Works for 2 pianos (and percussion)
Thorson & Thurber (pianos)
Download only
Label: 1equalmusic
Recording details: Various dates
Various recording venues
Engineered by Various engineers
Release date: February 2014
Total duration: 44 minutes 49 seconds

Cover artwork: Horizont by Gitte Reinwald (b1960)
 

1equalmusic expands the catalogue with a survey of two-piano works by Adrian Jack, also known as a music critic, scriptwriter for the BBC, and director of the influential MusICA series. The pieces cover a wide range of character from bellicose brilliance to empyrean serenity, and they are played with intensity and total commitment by the duo Thorson & Thurber for whom most of the works were written.

The tracks on this CD follow the order in which the pieces were composed and trace the course, over some fifteen years, of an artistic collaboration with Ingryd Thorson and Julian Thurber, whose enthusiasm and encouragement — not to mention their superb performances — were my main inspiration. Indeed, in the case of Black and Blue (a humorous reference to Debussy’s En blanc et noir), Thorson and Thurber positively demanded more notes. The piece’s somewhat belligerent character could well earn it the description of a ‘bruiser’ and there is just a touch of the blues in it too. Black and Blue was begun in 1988, revised and enlarged during the next two or three years, and given its first performance, in its final form, by Thorson and Thurber in 1993. Cheap Attraction (1990) comes, by contrast, as light relief and was written for a programme that also featured Bartók’s Sonata for two pianos and percussion. I intended to offer no competition with Bartók’s masterpiece. The mood is cool and the two percussionists are employed in adding a light garnish. Tyger! takes its title from William Blake’s famous poem, and was written in 1994 after I had a strange dream in which a real tiger took on the oddly harmless appearance of Blake’s illustration to the poem.

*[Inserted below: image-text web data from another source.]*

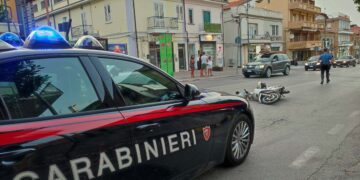 Anziano investito in scooter in corso Garibaldi, 29enne di Vasto si presenta dai carabinieri
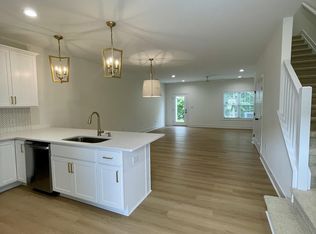 556 Leesville Rd #807, Lynchburg, VA 24502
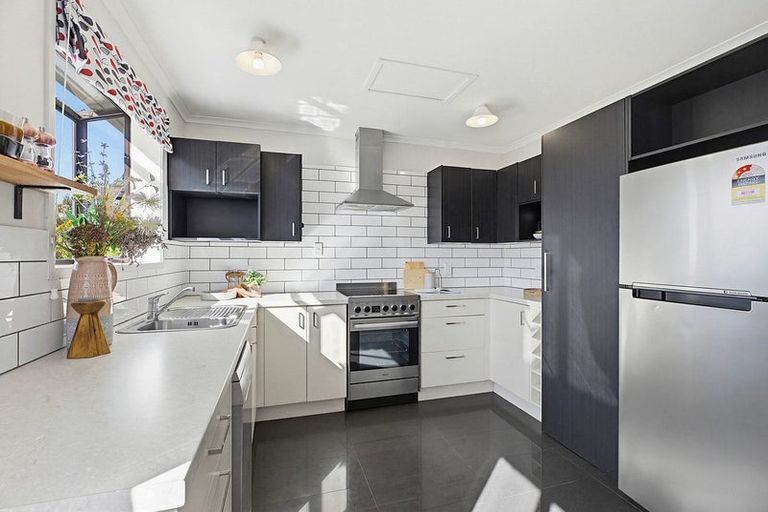 Photo of property in 3 Tedder Way, Karori, Wellington, 6012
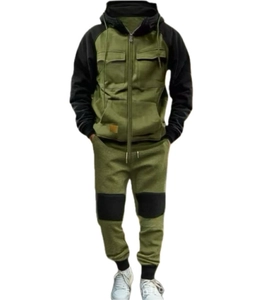 Dettaglio del set felpa con cappuccio tattica verde oliva e nera con tasche multiple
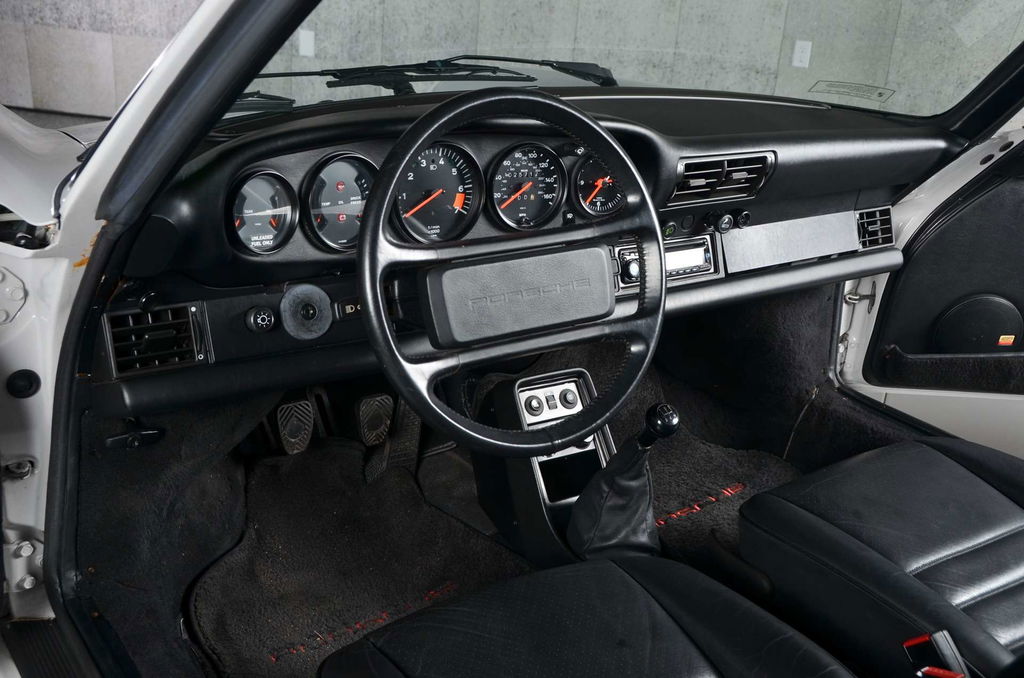 Porsche 911 Carrera 3.2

Tia Maria (1994) was suggested by hearing an organ prelude by Saint-Saëns played at an unusually slow tempo, which destroyed its real character and made it seem like a minimalist piece. I have preserved the original accompaniment figuration, and transformed it with a new melodic element rather in the way Gounod’s Ave Maria transformed the first prelude of Bach’s ‘48’. Fling (1997) is a rousing Scottish dance, with the characteristic ‘Scotch Snap’ rhythm. In a concert programme it would proably come at the end, or even be played as a knockout encore. Hagar and the Angel (2001) was inspired by a small and magical painting by Claude Lorrain in London’s National Gallery and also evokes the solemnity of some of Olivier Messiaen’s music. Oriental (2002), which also exists as a bravura organ toccata, is a lightly ironic take on the genre, with distinctive plainchant elements and tiny peremptory fanfares. Wake Up! is permeated with the sound of bells and was written as a concert opener in 2003. The sound of bells is also heard in Between and Betwixt, which were written as a complementary pair in 2004 — a celebration of a long, happy partnership, between the two players, and between them and the composer. Finally, the title of Bleu céleste (2005) evokes one of the most famous pigments of Sèvres porcelain in a mood of empyrean serenity.